Senelerce, günde beş kere rahmetli anneciğim ile birlikte bodruma inip çıktım.
Ben sekiz yaşına geldiğimde kardeşim Burhan yeni doğmuştu.
O güne kadar annem, bodrum da yaşayan ya da yaşadığını sandığımız evliya ya karşı olan görevini hiç aksatmadan yerine getirmişti.
Hatta bir yere gideceği zaman, evin anahtarını komşuya teslim eder, aman havlu ve suyu ezandan önce götür! diye tembih ederdi.

Bir gün rahmetli anneciğim (nur içinde yatsın otuz beş yaşında vefat etti) küçük kardeşim ile ilgilenirken, ezan vaktinin yaklaştığını fark etmemişti.
Ikindi ezanı okunuyordu… Telaşa kapıldı, Eyvah yavrum, geç kaldık… hadi gel, evliya´nın suyunu götürelim…
Annem bir ibrik suyu ve havluyu eline aldığında, ben korkudan onun eteklerine sımsıkı yapışmıştım…
Zira, mübarek evliya sinirlenmiş olmalıydı… Bodrum da duvara asılı duran çamaşır leğenine öyle vuruyordu ki…
Bodrum inliyor, evin içi inliyordu.
Annem korkusundan aklına gelen bütün sureleri okuyor, bende içimden euzu besmele çekiyordum.
Anneciğim ile birlikte bodrumun merdivenlerinden titreye titreye aşağı indik.
O an, çamaşır leğeninden çıkan gürültü de kesiliverdi.

Ikindi namazı için getirdiğimiz su ve havluyu bırakıp, öğlen namazı için bıraktığımız boşalmış ibrik ve nemli havluyu alıp tekrar yukarı çıktık.

Evliya namaza tam vaktinde yetişti mi bilmiyorum…
Abdest suyunu geciktirmiştik, o da bizi gürültülü bir şekilde ikaz etmişti…
O korku bize yetti, bir daha da anneciğim vefat edene kadar, ezan okunmadan önce, abdest suyunu ve havlusunu erkenden bodruma indirdik.

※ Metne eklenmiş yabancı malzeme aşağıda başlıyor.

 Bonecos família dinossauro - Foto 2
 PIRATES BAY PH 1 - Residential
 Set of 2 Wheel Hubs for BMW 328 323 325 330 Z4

Ben büyüyüp aklım erdikçe hep şunu düşündüm… Hala düşünürüm ve içinden çıkamam…
O ölmüş bir insan, diyelim ki evliya… Kim bilir hangi zamanda yaşamış ne zaman ölmüş… Bizim ev yokken, o arazide acaba mezar mı vardı bilinmez.
Allah c.c. rahmet eylesin.
Mutlaka hayattayken görevini hakkiyle yerine getiren bir kul du…
Ama ölen insanın kulluk görevi de bitmiştir, öyle olduğu halde vefatından sonra da neden namaz kılar ki?
Bizler hamdolsun hayattayız, yaşıyoruz ama çoğumuz kulluk borcumuz olan namazı kılmayız, kılmıyoruz, kılamıyoruz…
Ama kimileri öldükten sonra dahi namazı hiç bırakmıyorlar; neden?
Yoksa namaz aslında önemli oldugu kadar, çok güzel ve tatlı bir ibadet mi?
Bizler namazın tadına lezzetine varamadığımız için mi kılmıyoruz, kılamıyoruz…?
Oysa, bunun tadını lezzetini alanlar ise, ölseler dahi yine de vazgeçemiyorlar…

Rabbim, cümlemize ibadetten zevk almayı, namazın önemini anlayıp idrak etmeyi nasip eylesin.